For the first time, Arabic has made it into the list of the top 10 most-studied languages at U.S. colleges and universities, according to a survey by the Modern Language Association of America.
Enrollment in college and university language courses in 2006:
% of total language course enrollments Number of students % up since 2002:
Spanish 52.2% 822,985 10.3%
French 13.1% 206,426 2.2%
German 6.0% 94,264 3.5%
ASL 5.0% 78,828 29.7%
Italian 5.0% 78,368 22.6%
Japanese 4.2% 66,605 27.5%
Chinese 3.3% 51,582 51.0%
Latin 2.0% 32,191 7.9%
Russian 1.6% 24,845 3.9%
Arabic 1.5% 23,974 126.5%
Source: Modern Language Association
USA Today reports that Karin Ryding, a professor of Arabic at Georgetown University in Washington, D.C., says she doesn't believe the heightened interest in Arabic is temporary.

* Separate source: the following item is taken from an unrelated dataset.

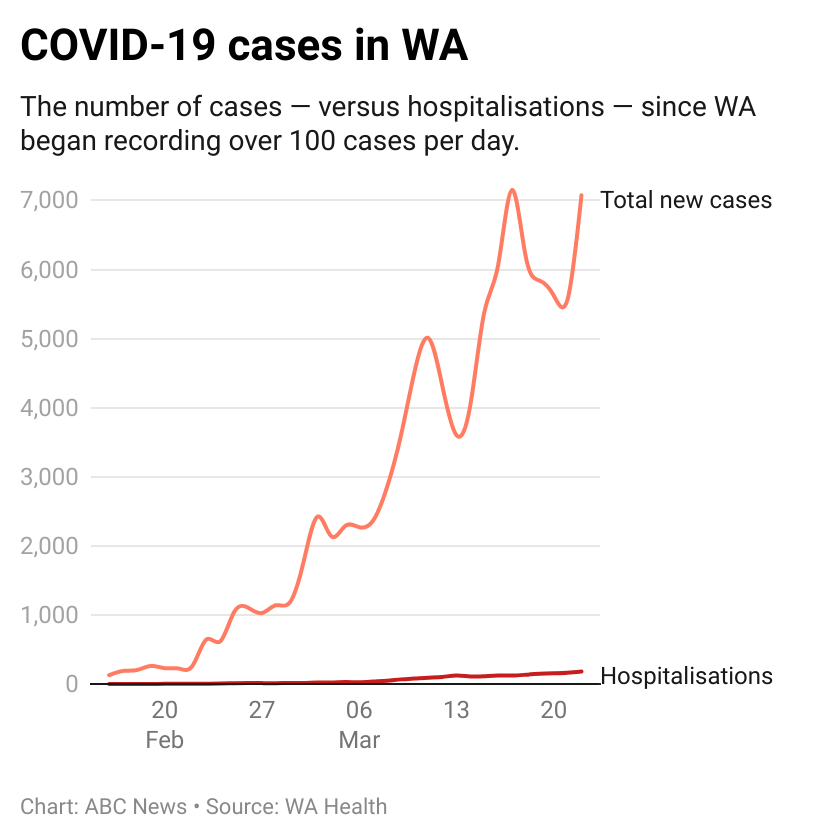 GianDePoloni's tweet image. WA's COVID numbers visualised. Can you spot the weekend testing lulls? @abcperth @abcnews #wanews #perthnews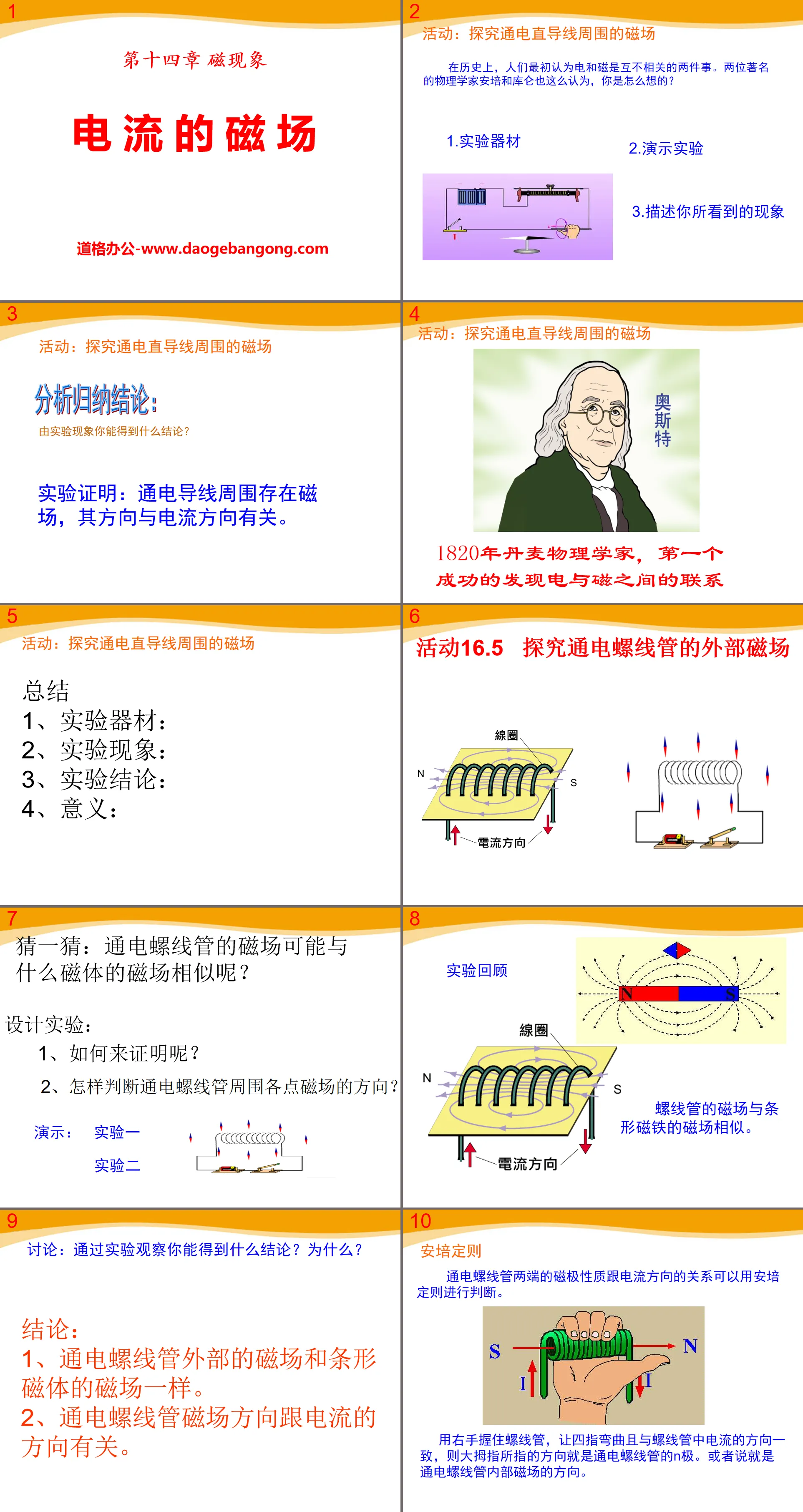 "Magnetic Field of Electric Current" Magnetic Phenomenon PPT Courseware 5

"Young people today understand that the world is truly smaller, and they're coming to Arabic with specific interests."
Those interests include desires to work with international organizations, the diplomatic corps, human rights groups, security firms and the media, Riding says.
Spanish is most popular, getting 52% of all foreign-language students.

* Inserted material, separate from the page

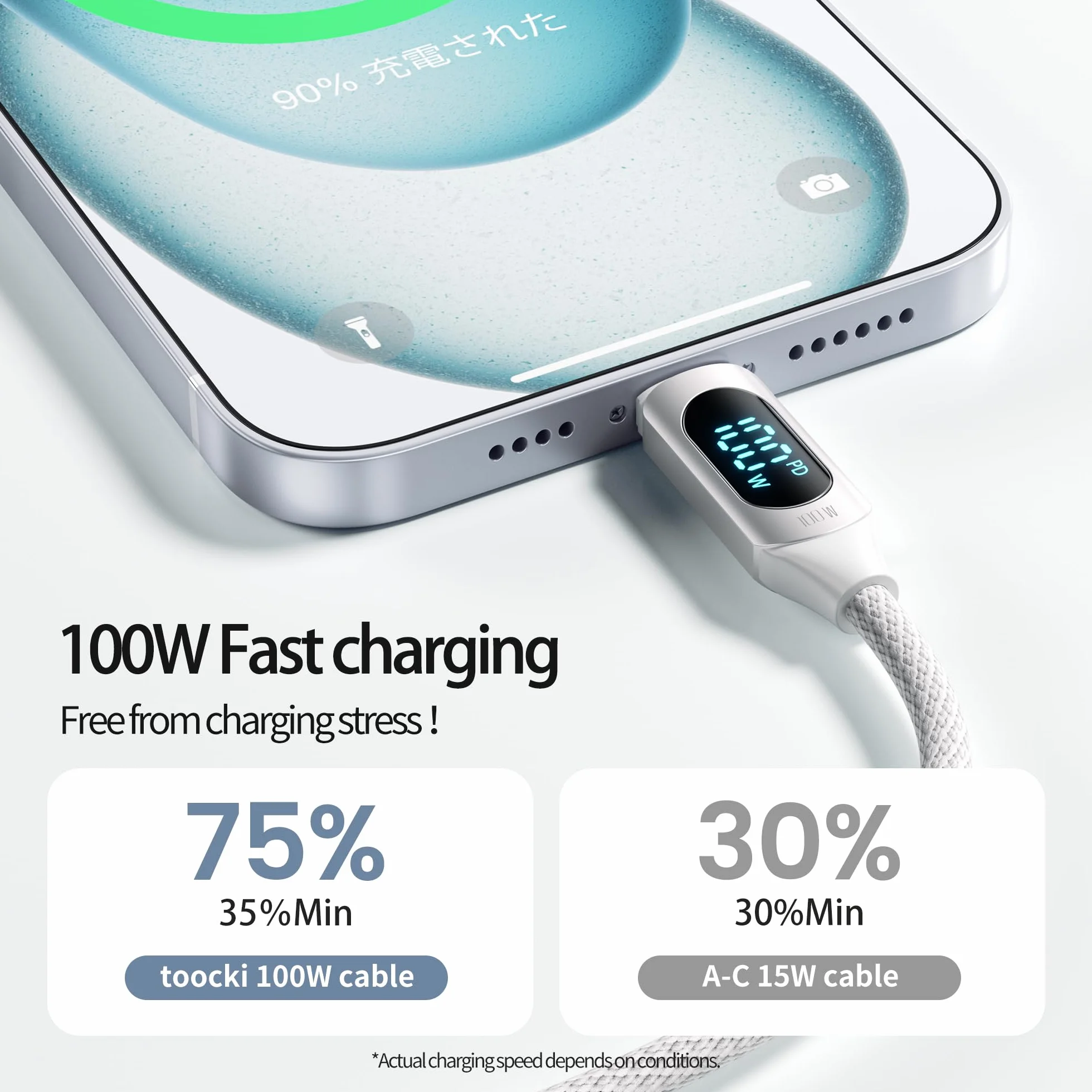 Kabel USB C do USB C 100W 5A 1M szybkie ładowanie PD QC5.0 LED wyświetlacz kompatybilny iPhone 15 Pro Max MacBook Pro Air iPad Pro Biały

French is second with 13%, and German is third with 6%. American Sign Language and Italian are now tied with 5% of enrollments, followed by Japanese, Chinese, Latin, Russian and Arabic.
USA Today reports that since the last MLA survey four years ago, Arabic is up 126%, Chinese 51%, American Sign Language 30% and Japanese 27%. That's compared with increases of 10% for Spanish, 2% for French and 3.5% for German.
The report, a snapshot of language enrollment at 2,795 institutions of higher learning, is based on fall 2006 enrollments. MLA has collected such data since 1958.
USA Today notes that language study has fallen significantly since the 1960s. In the fall of 2006, about 8.6% of college and university students took a language class. In 1965, that figure was 16.5%, according to the MLA. That's in part because the language requirement, almost universal in the 1960s and '70s, disappeared in many programs beginning in the 1970s and '80s. However, it's now making a comeback, says Rosemary Feal, executive director of the MLA.
Historically, Americans have been "pragmatic" when it comes to learning languages.
"If they see a vital language need in terms of national interest or in terms of professional career opportunity, then they will invest the time to learn that language," she says.